Refugees get classes on sexual consent


BERLIN - The students watch a video of a man and woman meeting in a nightclub. The two drink, laugh, dance and kiss.
The tone in the room and on the screen quickly changes when the man takes the woman home, locks the door and, when she attempts to leave, rapes her.
When the grim video ends, seven men in their thirties, refugees who have come to Berlin from Syria, Iraq and Afghanistan, are invited to react and comment.
"She has had too much to drink. They are sleeping together," says one, convinced the man in the video took advantage of the young woman's drunkenness to abuse her.
"He knew very well what he wanted," says another.
At this point, the workshop's moderator, Carola Pietrusky-Niane, jumps in to explain that "it happens frequently in Berlin. Young people drink a lot, take drugs", and in certain cases, this type of aggressive crime can happen.

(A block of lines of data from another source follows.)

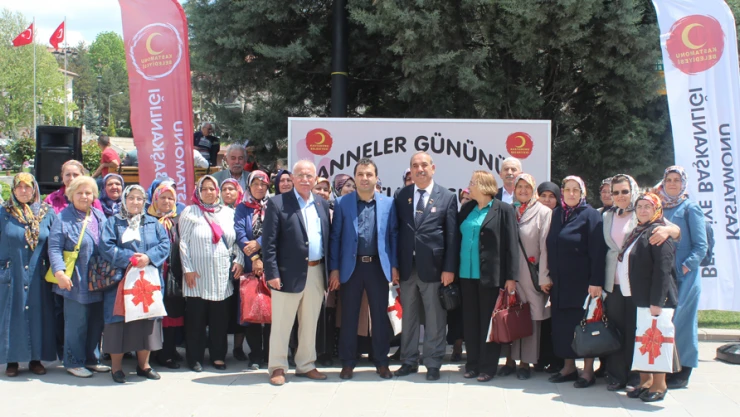 Anneler Günü meydanda kutlandı
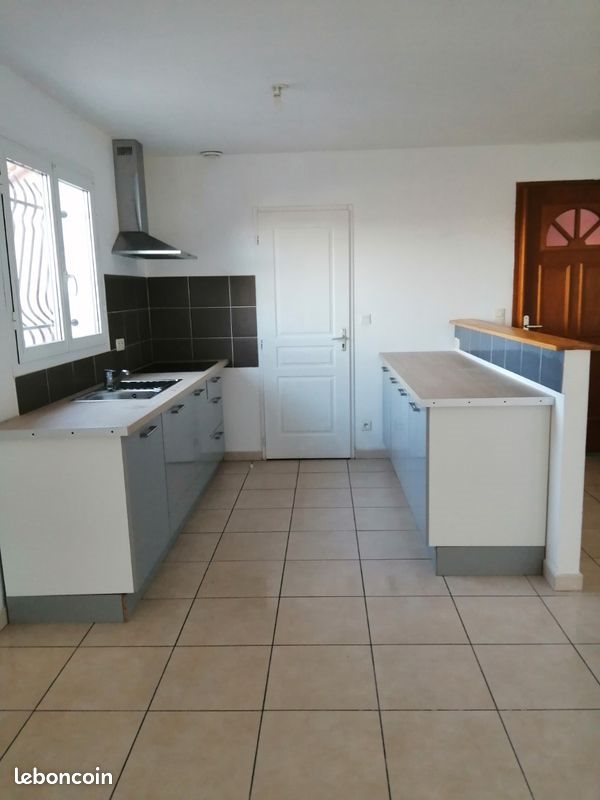Maison à louer, 93m², Faugères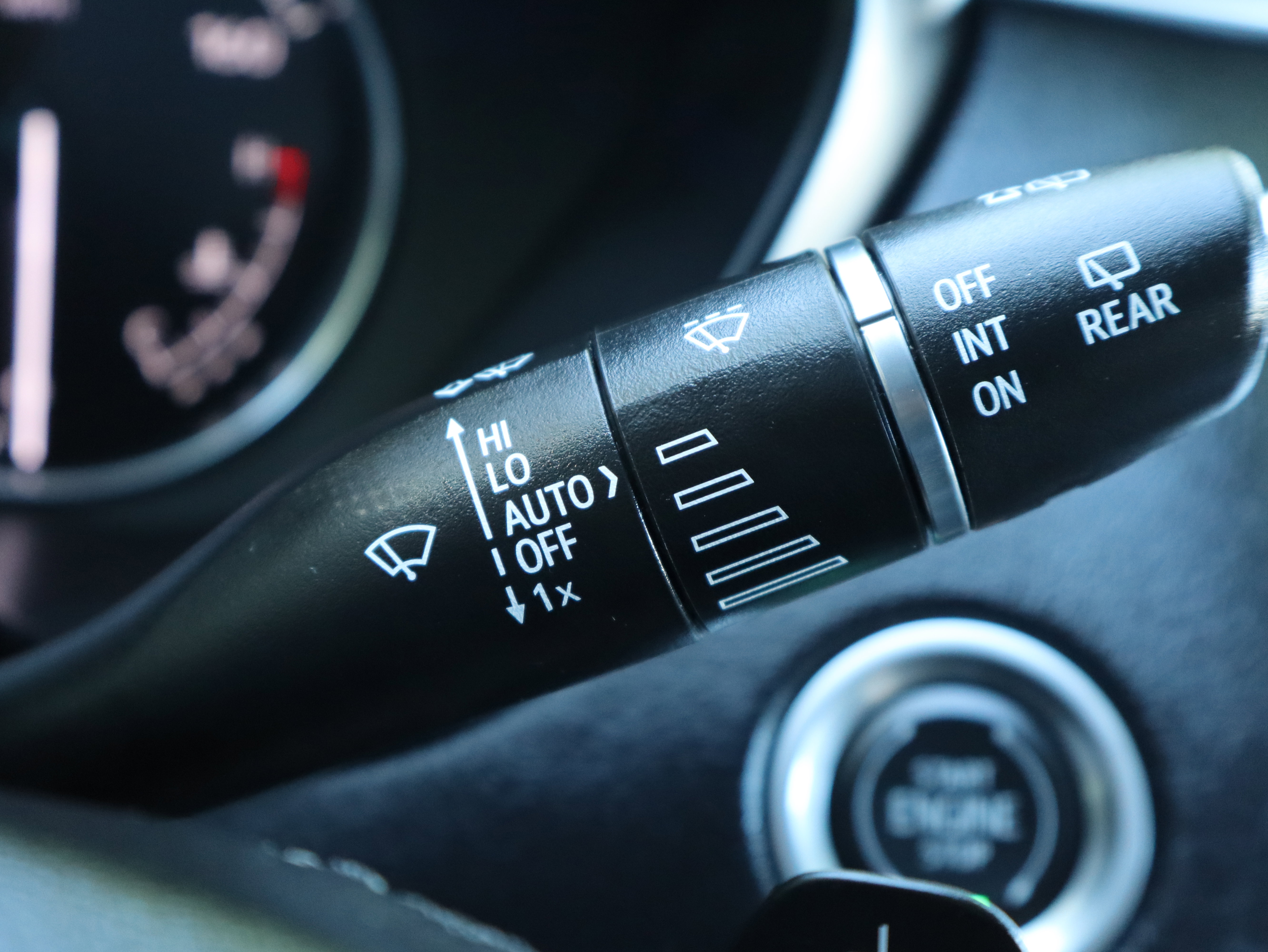 Used 2022 Cadillac XT4 Premium Luxury w/ Enhanced Visibility Package image 31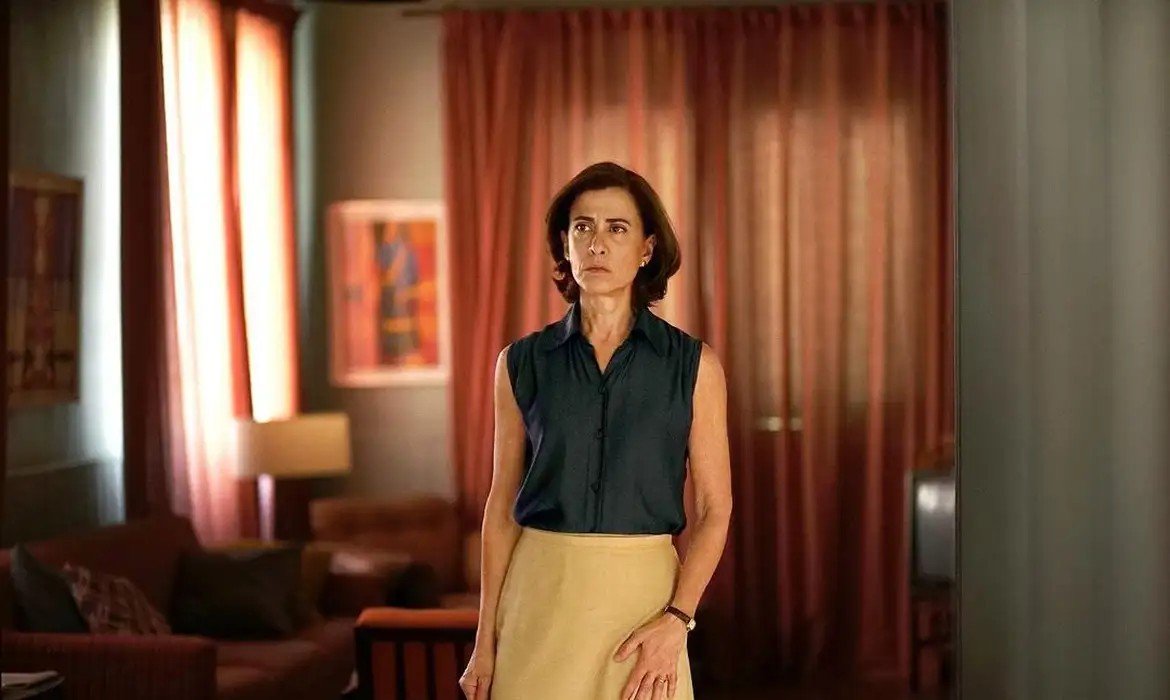 Projeto de lei quer tornar obrigatória a exibição do filme “Ainda Estou Aqui” em escolas do país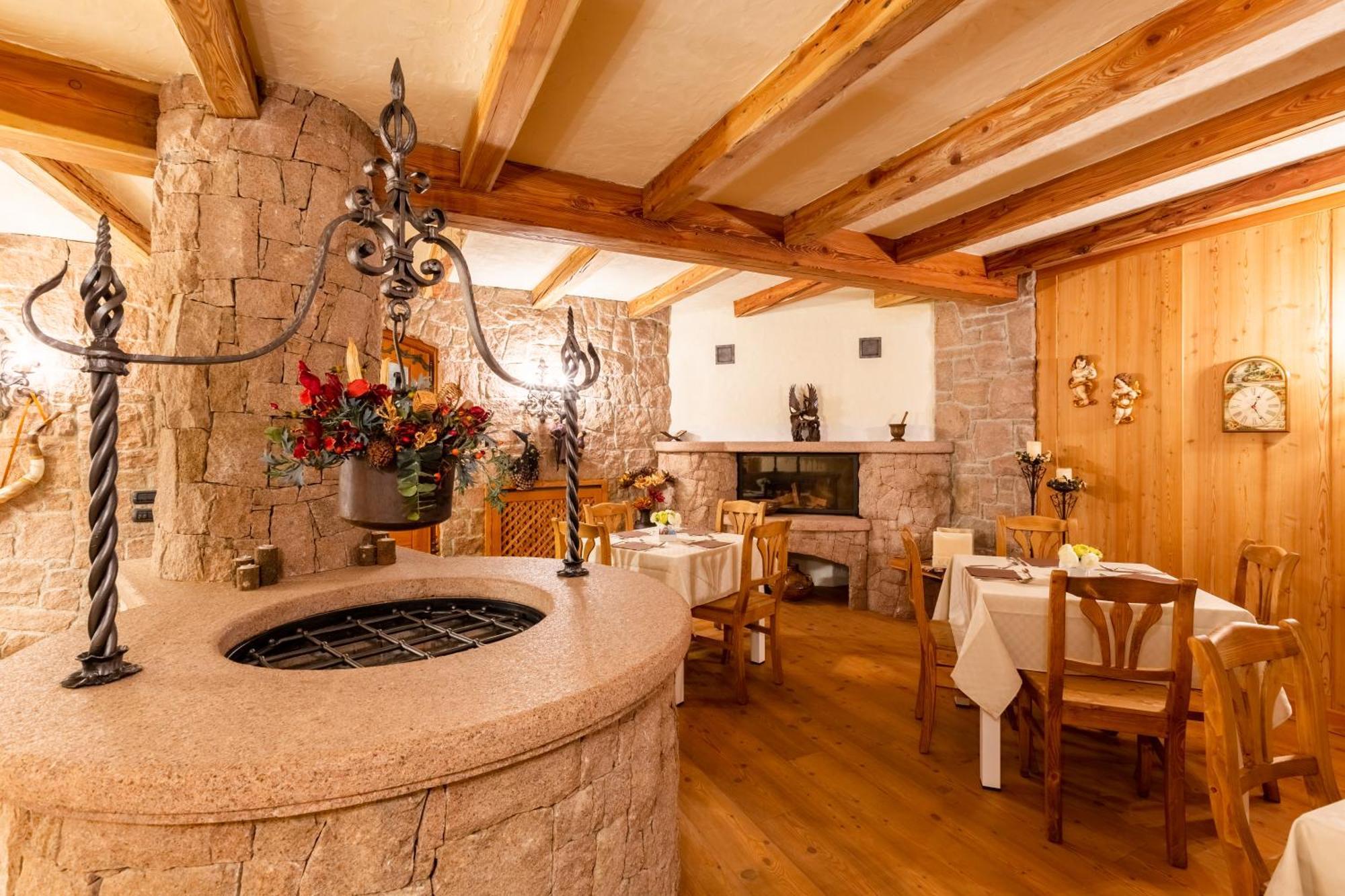 Appartamento Le Colonne - Relais Villa Quercia Tassullo Eksteriør bilde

The participants in the four-hour course titled Together for Security, currently only held in Berlin, have joined the class voluntarily.

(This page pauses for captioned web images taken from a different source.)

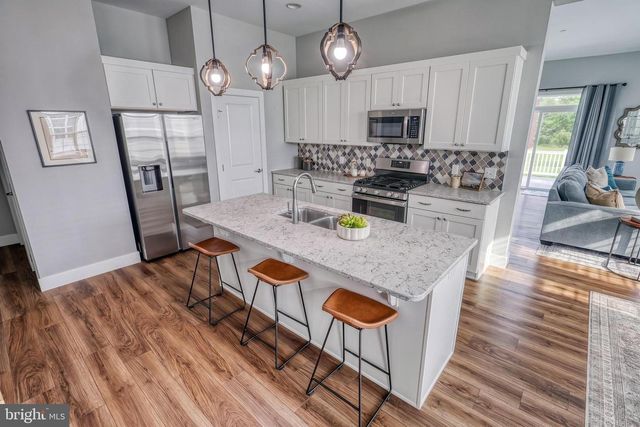 770 AURORA DRIVE, Mechanicsburg, PA 17055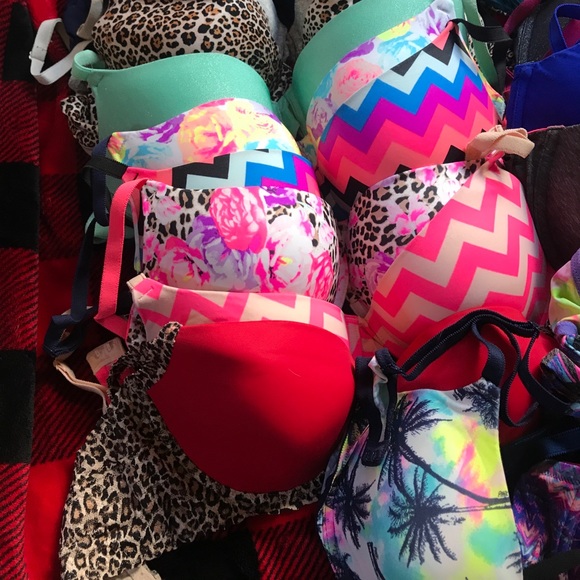 Victoria’s Secret bra bundle. Size 36D - Picture 3 of 6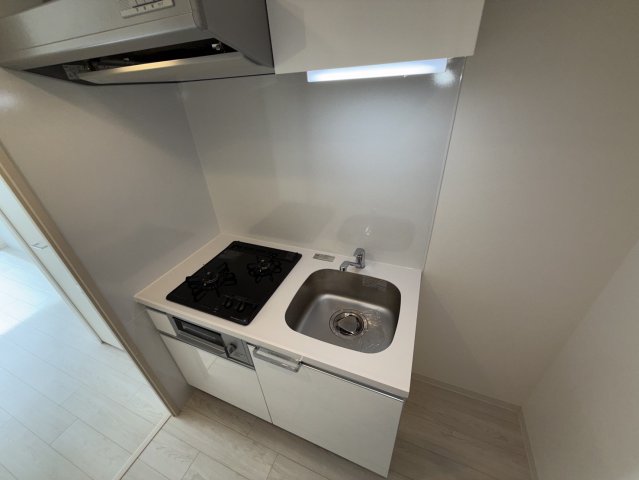 キッチン　同物件別部屋写真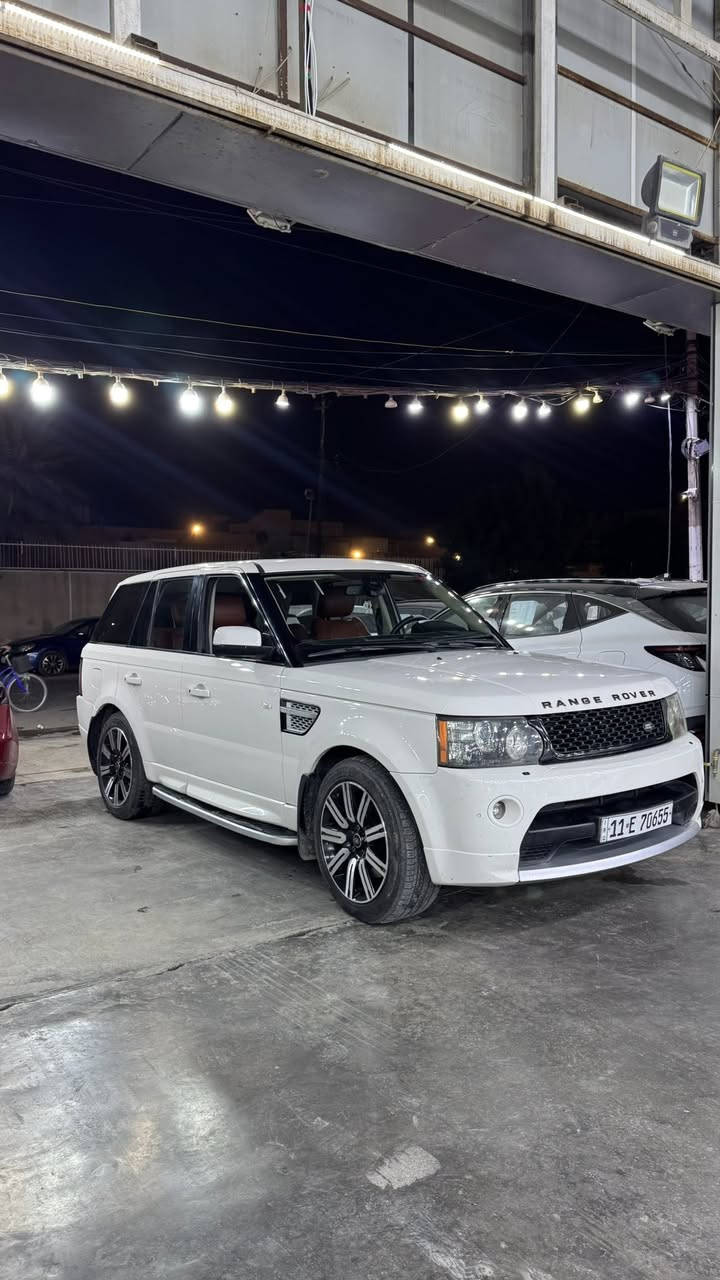 السلام عليكم
للبيع او المراوس 
رانج روفر 8سلندر سبورت HSE  تنفس طبيعي المرغوب موديل 2010
 رقم بغداد الانجليزي هزه جديده
مكفوله كفاله عامه من الصبغ بيهه مكان تكحيل بسيطه
ماشيه 144الف قابله الزياده 
مواصفاتهه معروفه سياره جاهزه خير من الله 
السعر 140وبيهه مجال للشراي
مكان السياره بغداد حي الجهاد 
للاستفسار الاتصال بالارقام أدناه
***********
***********
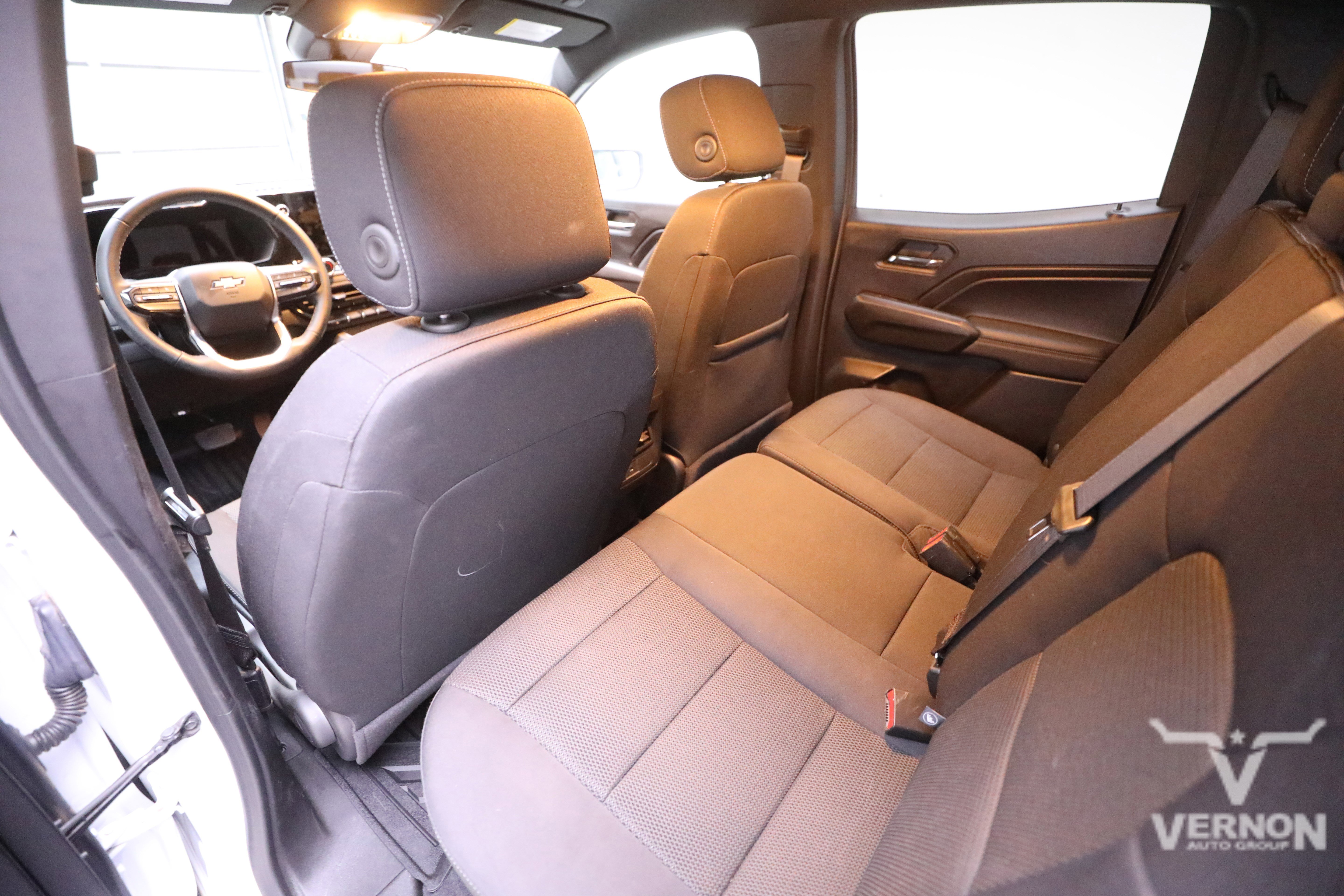 Used 2024 Chevrolet Colorado LT w/ LT Convenience Package image 9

Germany's Integration Commissioner Annette Widmann-Mauz has called for such sex education classes to be more widely offered to refugees, following a gang rape case last year in Freiburg, in which 10 of 11 suspects were refugees.
Several high-profile rape crimes committed by migrants have stoked a backlash against the mass influx of a million asylum seekers to Germany since 2015.
Mass assaults by recent migrants in Cologne on New Year's Eve of 2015-16, and a rape-murder in 2016 by an Afghan refugee, have been seized on by far-right activists in their push against Chancellor Angela Merkel's decision to let in the newcomers.
In Germany, there was a 15-percent rise in sex crimes committed by foreigners in 2018: 6,046 offenses compared to 5,258 in 2017, according to federal statistics.
The increase is largely due to stricter legislation since 2016, which made it easier to prosecute perpetrators of sex-related crimes.
But the cases also underline the challenge of integrating large numbers of migrants, a big proportion of whom are young, single men from countries which view Western norms as surprisingly liberal.
"These are difficult themes. Speak freely," Pietrusky-Niane tells the group, as they discuss the video in a mix of German and Arabic.
The session, attended by the seven single men, some of whom are fathers, was organized by the Norwegian group Hero, which manages several hostels for migrants in Germany.
The topics in the workshop are broad with questions like: How do you know whether a woman is willing? And, how do you react if she isn't?
Advice is given to refugees from countries where displays of affection are banned in public, boys and girls often attend separate schools and rape within marriage is not considered a crime.